- _WHAT IS EXPECTED_
Reproduce the data below line by line, from its first line to the line with "Gingham Short Sleeve Tee Product Image", both included, and nothing past that point.

#### EXTRACTED MATERIAL

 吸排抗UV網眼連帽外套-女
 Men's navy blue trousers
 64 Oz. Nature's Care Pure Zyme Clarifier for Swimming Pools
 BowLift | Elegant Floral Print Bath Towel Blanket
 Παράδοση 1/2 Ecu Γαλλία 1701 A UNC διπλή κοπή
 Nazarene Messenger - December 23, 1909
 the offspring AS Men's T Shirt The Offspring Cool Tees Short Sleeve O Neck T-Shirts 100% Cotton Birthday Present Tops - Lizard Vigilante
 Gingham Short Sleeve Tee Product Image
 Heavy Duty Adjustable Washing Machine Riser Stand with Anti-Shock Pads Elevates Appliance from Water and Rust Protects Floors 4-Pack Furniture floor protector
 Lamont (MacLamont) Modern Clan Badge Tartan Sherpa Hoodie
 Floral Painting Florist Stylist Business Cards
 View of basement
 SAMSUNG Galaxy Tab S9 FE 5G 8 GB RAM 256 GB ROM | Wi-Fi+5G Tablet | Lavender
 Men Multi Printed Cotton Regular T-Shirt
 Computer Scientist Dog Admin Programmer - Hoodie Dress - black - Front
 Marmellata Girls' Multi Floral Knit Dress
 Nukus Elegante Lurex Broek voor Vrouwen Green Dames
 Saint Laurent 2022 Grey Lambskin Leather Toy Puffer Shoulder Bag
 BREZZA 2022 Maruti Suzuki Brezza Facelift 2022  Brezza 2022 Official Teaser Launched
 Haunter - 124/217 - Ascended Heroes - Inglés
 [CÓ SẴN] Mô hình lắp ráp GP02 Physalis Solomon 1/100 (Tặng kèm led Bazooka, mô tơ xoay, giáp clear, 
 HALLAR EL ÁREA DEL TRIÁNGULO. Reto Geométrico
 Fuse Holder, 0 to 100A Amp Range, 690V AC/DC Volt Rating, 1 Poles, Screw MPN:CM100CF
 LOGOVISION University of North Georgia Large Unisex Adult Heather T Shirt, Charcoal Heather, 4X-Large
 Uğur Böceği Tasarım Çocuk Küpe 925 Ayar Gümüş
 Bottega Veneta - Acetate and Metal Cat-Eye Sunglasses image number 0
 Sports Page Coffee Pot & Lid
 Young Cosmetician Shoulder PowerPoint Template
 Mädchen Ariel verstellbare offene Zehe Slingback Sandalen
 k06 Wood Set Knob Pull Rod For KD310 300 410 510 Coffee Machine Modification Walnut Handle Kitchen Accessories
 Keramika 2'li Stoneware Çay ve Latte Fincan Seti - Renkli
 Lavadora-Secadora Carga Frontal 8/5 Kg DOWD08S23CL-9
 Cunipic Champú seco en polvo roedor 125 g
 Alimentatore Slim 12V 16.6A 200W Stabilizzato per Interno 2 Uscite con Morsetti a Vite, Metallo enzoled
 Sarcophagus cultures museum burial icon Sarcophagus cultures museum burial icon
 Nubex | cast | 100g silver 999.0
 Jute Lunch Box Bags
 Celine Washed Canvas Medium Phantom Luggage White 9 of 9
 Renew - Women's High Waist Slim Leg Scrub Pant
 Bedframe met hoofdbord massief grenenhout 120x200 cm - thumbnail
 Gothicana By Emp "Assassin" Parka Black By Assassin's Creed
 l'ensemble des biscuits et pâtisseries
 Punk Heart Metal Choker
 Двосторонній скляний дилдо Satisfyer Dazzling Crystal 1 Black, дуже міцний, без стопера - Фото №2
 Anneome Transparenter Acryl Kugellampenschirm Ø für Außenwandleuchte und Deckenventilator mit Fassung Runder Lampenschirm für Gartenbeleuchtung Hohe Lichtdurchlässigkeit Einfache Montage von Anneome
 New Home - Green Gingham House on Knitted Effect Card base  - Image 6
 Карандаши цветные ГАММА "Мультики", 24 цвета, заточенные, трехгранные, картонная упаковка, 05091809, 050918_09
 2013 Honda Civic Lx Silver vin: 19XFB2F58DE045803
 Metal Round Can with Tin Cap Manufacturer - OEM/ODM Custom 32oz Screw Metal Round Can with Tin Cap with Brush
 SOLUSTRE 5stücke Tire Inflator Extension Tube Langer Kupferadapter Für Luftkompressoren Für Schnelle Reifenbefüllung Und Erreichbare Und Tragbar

########

- _WRITTEN SOLUTION_
 吸排抗UV網眼連帽外套-女
 Men's navy blue trousers
 64 Oz. Nature's Care Pure Zyme Clarifier for Swimming Pools
 BowLift | Elegant Floral Print Bath Towel Blanket
 Παράδοση 1/2 Ecu Γαλλία 1701 A UNC διπλή κοπή
 Nazarene Messenger - December 23, 1909
 the offspring AS Men's T Shirt The Offspring Cool Tees Short Sleeve O Neck T-Shirts 100% Cotton Birthday Present Tops - Lizard Vigilante
 Gingham Short Sleeve Tee Product Image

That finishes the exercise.